• _REQUIREMENT_: Your copy should hold only the lines from the one with "Sarah McCoubrey" to the one with "Poetics of Village", both included, each exactly as it stands below, with no pictures.

─── DATASET ENTRIES

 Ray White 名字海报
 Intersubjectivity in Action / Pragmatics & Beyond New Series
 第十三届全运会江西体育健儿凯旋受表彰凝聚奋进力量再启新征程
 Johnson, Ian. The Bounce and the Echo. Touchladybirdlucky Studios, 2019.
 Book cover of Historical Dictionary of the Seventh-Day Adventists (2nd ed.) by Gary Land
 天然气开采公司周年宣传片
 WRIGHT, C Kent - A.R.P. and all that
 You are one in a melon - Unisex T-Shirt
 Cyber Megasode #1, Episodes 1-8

──────
─── DATASET ENTRIES

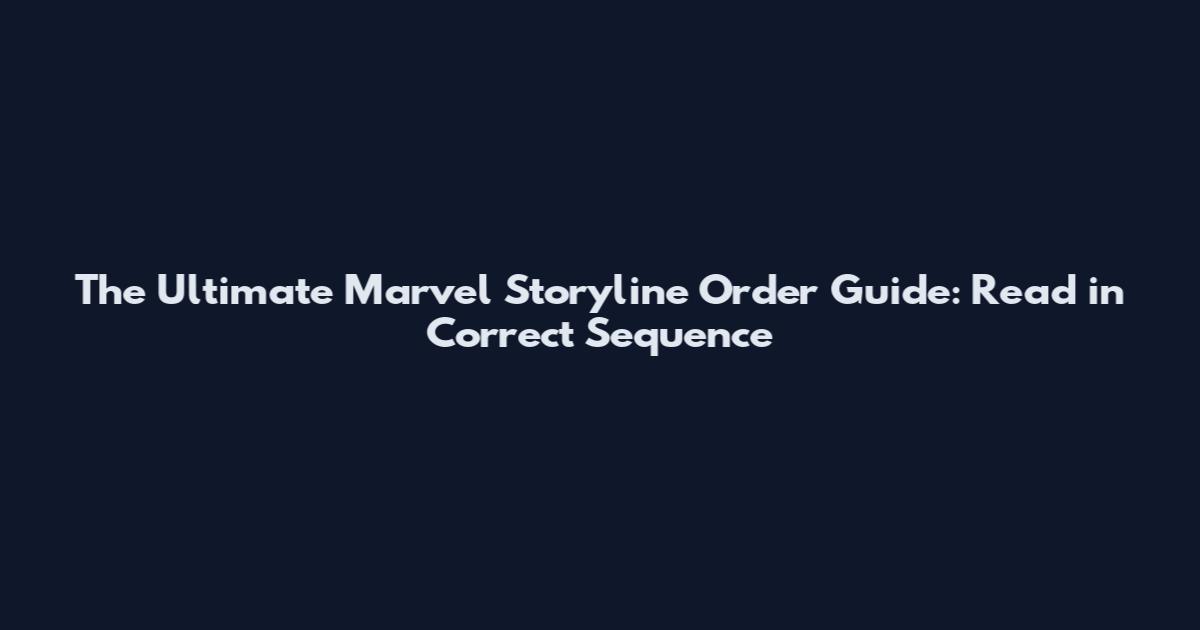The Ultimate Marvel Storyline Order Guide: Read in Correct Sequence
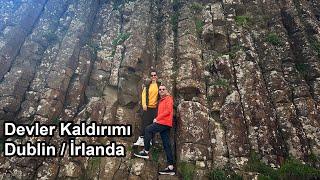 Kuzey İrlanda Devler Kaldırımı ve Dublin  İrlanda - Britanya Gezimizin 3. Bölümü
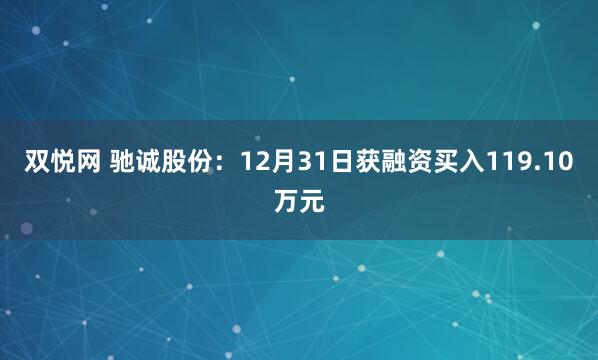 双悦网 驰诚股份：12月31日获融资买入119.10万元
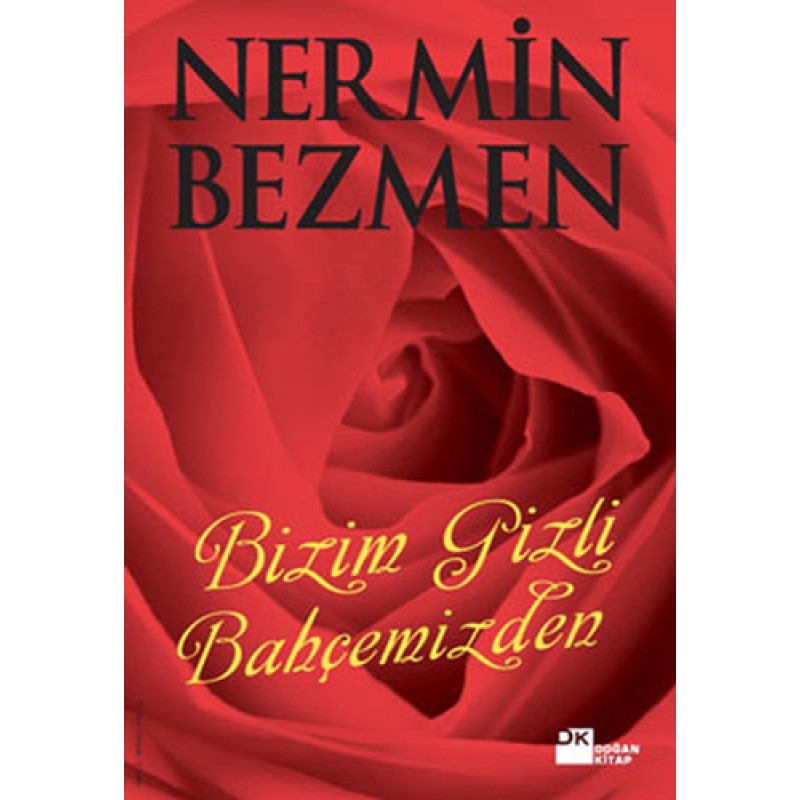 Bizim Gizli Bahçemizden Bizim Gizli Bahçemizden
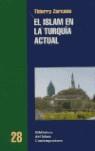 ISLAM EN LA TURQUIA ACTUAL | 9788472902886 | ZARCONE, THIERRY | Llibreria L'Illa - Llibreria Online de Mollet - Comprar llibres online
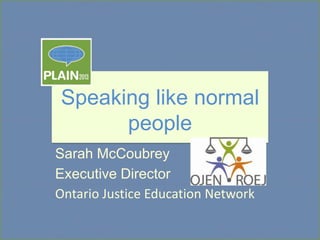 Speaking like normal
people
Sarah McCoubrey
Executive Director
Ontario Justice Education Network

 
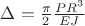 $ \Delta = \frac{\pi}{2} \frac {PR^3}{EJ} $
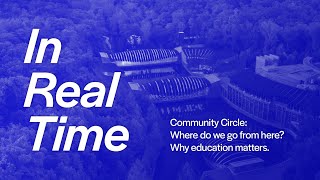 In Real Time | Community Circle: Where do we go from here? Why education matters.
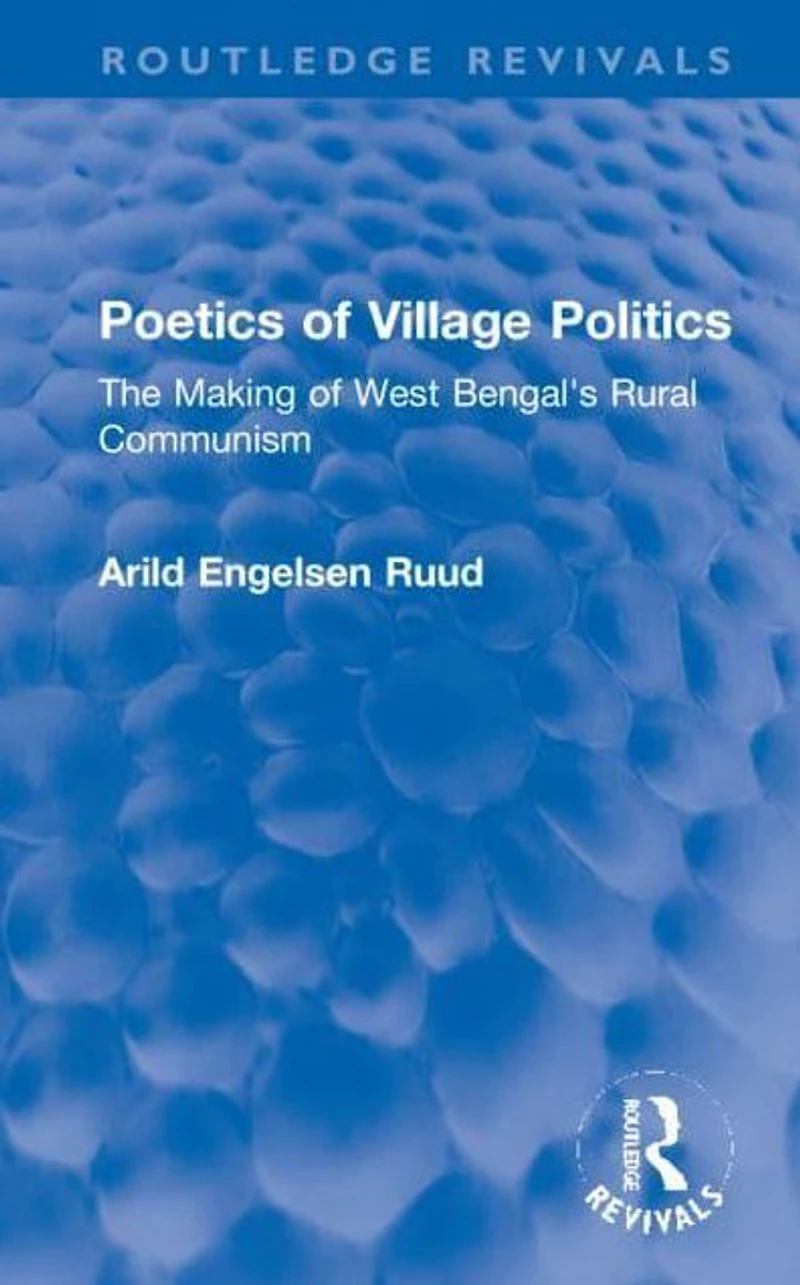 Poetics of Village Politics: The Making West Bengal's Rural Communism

──────
─── DATASET ENTRIES

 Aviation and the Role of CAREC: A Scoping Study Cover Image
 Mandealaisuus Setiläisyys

──────

• _WRITTEN REPLY_:
Sarah McCoubrey
Executive Director
Ontario Justice Education Network

 
 $ \Delta = \frac{\pi}{2} \frac {PR^3}{EJ} $
 In Real Time | Community Circle: Where do we go from here? Why education matters.
 Poetics of Village Politics: The Making West Bengal's Rural Communism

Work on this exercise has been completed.